The task. Retype, word for word, every line from the one holding "Native American Flute" through the one holding "Banana republic navy" in the entries below, both included, and only those lines.

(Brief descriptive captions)
◆ ◆ ◆ ◆ ◆ ◆ ◆

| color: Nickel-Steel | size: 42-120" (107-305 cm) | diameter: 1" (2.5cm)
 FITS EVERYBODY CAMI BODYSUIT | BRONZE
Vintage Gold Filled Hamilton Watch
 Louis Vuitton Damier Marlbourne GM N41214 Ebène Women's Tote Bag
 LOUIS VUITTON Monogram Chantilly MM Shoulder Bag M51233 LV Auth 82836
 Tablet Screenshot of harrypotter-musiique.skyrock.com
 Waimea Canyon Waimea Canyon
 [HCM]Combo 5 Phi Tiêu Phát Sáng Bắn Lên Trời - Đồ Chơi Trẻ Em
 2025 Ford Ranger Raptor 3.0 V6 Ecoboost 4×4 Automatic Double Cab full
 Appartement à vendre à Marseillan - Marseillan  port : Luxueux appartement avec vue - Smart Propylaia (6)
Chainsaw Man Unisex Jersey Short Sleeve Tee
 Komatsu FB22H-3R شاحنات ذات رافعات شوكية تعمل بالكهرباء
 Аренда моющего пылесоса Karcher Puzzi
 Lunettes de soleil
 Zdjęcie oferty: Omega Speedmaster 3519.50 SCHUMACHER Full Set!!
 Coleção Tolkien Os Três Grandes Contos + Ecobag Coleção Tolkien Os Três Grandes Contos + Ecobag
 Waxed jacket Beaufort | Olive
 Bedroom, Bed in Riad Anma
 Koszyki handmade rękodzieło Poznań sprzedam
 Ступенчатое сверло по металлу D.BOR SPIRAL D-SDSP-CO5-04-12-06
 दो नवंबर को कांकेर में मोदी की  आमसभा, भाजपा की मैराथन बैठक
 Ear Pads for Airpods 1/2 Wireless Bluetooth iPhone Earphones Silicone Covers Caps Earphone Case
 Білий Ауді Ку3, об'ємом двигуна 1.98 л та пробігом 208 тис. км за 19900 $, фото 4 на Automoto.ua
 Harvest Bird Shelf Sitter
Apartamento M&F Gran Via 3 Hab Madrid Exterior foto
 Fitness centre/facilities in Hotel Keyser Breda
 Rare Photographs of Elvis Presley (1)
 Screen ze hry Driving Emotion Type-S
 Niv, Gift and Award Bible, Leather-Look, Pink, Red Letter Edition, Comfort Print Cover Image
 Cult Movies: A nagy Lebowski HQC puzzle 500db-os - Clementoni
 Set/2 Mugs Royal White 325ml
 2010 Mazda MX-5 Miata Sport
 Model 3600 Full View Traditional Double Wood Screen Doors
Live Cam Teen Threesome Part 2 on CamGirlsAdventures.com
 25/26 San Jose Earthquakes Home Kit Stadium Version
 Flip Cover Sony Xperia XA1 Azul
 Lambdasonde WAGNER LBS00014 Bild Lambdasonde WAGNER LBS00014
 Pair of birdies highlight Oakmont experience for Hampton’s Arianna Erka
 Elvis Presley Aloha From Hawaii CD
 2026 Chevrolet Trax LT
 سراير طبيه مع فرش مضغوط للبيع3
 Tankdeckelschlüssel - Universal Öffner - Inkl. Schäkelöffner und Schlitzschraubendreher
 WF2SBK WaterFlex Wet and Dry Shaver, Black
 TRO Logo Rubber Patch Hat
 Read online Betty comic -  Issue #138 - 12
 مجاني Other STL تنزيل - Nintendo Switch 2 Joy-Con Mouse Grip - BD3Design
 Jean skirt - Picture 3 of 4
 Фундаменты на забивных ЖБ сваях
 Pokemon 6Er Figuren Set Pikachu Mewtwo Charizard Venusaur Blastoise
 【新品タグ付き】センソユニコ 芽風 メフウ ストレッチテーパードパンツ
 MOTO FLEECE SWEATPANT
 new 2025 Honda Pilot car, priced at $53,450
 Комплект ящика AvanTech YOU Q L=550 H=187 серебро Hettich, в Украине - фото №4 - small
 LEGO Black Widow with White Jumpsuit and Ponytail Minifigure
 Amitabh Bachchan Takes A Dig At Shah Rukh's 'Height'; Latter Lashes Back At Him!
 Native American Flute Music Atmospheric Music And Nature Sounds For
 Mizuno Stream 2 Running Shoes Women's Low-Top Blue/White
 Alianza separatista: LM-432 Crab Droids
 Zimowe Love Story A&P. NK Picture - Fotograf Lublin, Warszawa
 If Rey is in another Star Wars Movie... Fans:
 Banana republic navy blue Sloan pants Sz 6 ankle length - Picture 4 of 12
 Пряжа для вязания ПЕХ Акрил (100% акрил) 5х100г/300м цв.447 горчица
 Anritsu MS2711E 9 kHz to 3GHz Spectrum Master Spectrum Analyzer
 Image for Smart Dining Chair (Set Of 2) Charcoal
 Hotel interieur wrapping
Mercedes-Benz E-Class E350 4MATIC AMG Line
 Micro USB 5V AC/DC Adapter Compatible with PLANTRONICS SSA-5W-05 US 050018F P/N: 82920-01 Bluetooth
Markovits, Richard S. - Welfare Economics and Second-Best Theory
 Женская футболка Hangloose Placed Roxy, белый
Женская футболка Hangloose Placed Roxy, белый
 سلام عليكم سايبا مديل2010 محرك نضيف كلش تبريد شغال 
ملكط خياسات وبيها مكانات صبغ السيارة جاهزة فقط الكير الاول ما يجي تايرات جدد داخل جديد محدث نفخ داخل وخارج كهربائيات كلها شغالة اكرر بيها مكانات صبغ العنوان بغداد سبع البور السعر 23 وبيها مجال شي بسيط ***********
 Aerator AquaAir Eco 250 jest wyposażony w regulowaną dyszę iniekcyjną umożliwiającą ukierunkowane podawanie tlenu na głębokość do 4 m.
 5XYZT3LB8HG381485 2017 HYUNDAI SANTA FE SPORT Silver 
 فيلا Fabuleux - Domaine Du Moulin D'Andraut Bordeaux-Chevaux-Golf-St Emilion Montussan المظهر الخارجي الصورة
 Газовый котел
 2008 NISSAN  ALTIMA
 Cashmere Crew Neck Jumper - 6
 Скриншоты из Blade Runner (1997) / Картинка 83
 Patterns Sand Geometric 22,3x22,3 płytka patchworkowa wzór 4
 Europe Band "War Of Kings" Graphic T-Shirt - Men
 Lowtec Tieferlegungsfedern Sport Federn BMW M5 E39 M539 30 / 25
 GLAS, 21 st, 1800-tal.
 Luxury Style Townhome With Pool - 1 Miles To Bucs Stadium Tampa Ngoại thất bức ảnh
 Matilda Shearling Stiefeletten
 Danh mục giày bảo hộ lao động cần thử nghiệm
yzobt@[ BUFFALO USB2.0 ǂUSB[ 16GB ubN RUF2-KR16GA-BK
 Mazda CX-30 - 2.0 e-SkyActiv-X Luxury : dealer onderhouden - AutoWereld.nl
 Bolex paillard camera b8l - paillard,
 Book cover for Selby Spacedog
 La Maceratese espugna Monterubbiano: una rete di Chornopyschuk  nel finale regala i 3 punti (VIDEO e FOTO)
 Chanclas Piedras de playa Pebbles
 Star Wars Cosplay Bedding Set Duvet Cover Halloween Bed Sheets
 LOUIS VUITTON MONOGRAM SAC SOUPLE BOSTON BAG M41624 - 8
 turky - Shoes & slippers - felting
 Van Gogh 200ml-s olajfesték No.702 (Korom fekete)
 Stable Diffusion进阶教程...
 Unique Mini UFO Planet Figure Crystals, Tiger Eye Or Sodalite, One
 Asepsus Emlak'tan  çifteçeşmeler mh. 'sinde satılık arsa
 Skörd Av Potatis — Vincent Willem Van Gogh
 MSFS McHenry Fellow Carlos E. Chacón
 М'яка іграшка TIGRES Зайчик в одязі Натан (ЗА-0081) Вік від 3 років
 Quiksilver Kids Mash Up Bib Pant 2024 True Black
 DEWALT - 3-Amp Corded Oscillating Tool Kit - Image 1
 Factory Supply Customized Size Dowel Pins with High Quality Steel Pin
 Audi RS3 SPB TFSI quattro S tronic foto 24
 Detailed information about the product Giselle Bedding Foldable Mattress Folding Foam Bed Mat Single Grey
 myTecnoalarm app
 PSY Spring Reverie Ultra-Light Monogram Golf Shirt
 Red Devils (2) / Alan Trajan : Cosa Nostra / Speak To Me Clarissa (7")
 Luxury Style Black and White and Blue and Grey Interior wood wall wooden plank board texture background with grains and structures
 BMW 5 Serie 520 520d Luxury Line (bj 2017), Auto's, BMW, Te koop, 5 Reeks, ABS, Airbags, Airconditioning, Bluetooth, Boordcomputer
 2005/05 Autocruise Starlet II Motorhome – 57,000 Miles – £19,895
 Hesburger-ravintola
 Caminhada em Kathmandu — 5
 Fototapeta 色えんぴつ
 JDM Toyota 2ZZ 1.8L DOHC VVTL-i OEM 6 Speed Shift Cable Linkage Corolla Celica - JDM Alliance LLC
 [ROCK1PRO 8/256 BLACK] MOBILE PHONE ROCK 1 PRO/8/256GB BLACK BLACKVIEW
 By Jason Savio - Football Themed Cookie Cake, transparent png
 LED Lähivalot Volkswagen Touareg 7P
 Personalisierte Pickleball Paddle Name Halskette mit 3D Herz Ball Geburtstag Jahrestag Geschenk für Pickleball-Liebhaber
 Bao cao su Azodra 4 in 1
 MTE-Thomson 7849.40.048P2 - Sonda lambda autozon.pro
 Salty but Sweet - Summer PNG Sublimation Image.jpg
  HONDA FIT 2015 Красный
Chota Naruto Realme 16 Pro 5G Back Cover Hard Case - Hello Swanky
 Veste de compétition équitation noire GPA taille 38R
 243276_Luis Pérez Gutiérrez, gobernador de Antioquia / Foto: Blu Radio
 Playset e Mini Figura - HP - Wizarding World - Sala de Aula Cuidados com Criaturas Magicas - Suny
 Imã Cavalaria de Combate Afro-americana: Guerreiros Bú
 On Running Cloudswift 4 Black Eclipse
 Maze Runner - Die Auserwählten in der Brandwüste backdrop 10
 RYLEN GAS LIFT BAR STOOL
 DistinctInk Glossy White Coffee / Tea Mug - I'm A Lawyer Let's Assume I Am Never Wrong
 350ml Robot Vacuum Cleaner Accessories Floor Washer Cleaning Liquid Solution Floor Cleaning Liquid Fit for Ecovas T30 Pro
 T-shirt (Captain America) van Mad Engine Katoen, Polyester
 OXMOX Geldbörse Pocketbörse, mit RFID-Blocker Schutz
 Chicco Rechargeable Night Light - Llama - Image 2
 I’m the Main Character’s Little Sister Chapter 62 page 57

◆ ◆ ◆ ◆ ◆ ◆ ◆

Answer space.
 Native American Flute Music Atmospheric Music And Nature Sounds For
 Mizuno Stream 2 Running Shoes Women's Low-Top Blue/White
 Alianza separatista: LM-432 Crab Droids
 Zimowe Love Story A&P. NK Picture - Fotograf Lublin, Warszawa
 If Rey is in another Star Wars Movie... Fans:
 Banana republic navy blue Sloan pants Sz 6 ankle length - Picture 4 of 12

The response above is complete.